Die Bombe die mich lehrte


Es war so vor fünf bis sechs Monaten als uns die fünf neuen Schüler in unserer Klasse vorgestellt wurden. Anfangs hänselten einige sie wegen ihres Aussehens - sie wissen schon, die Sensoren und all der Kram. Aber mit der Zeit ließen sie uns oft abschreiben oder machten für uns die Hausaufgaben, weswegen wir die Streber auf dem Schulhof auch nicht verprügelten. Typische Eierköpfe diese Smart Bombs, zumindest anfangs. Im Nachhinein kann ich mich rühmen ihr wirklicher Freund geworden zu sein

Die amerikanische Regierung hatte die deutsche gebeten sie an ein deutsches Durchschnittsgymnasium zu schicken. Ihre Intelligenz sollte nicht zu sehr gefördert werden, erklärte man uns. Doch sie langweilten sich schnell, waren unterfordert, fingen an in der Klasse zu pöbeln und all so was. Sie verprügelten die Brotmesser in der Kantine; nach der Schule räumten sie Tankstellen aus. Der Ruf unserer Schule litt sehr darunter.
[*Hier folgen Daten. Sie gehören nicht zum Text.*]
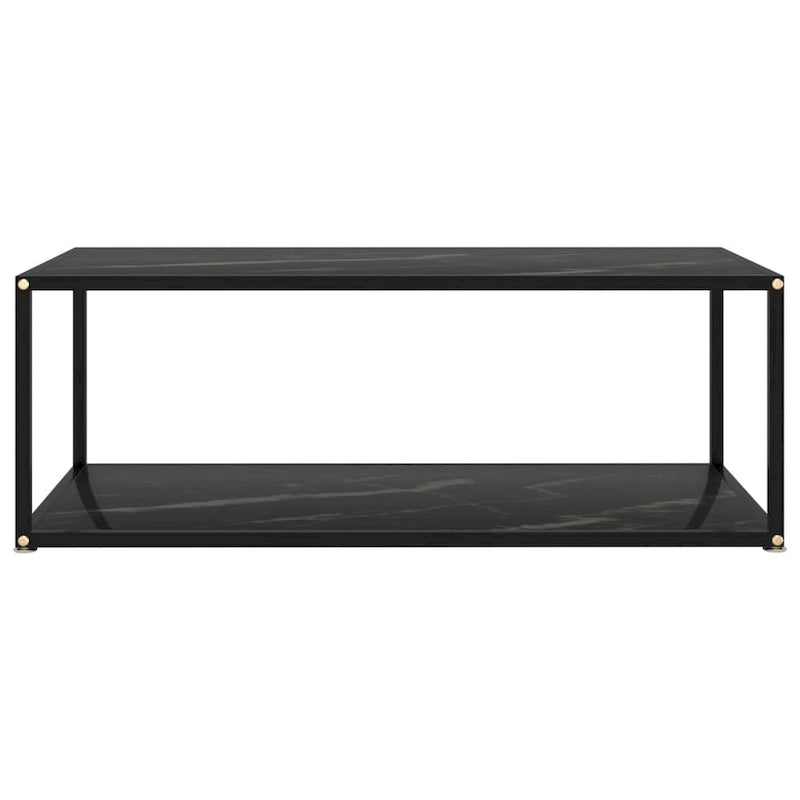 Table basse noire 100x50x35 cm en verre trempé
Also beschloss man die intelligenten Bomben in eine Schule für besonders Begabte zu schicken. Innerhalb von zwei Monaten konnten sie Bach mit abgeschalteten Detektoren spielen - das war schon beeindruckend, Einstein lachten sie regelmäßig aus. Sie spielten viel Schach, berieten Deep Junior beim Spiel gegen Kasparow. Doch dann wurde alles anders.

An diesem Tag saß ich mit ihnen zusammen und diskutierte über den Simplizismus der 20er Jahre. Einer von ihnen, Tom Ahawk, holte am Kiosk "die Zeit" (Er liebte es, sich über dieses "pseudointellektuelle" Feuilleton aufzuregen). Da war dieser Artikel über die "Mother of all bombs". Zwei von ihnen weinten vor Glück sie endlich gefunden zu haben. Sie wollten es gleich den China-Böllern erzählen. Dann klingelte das Telefon.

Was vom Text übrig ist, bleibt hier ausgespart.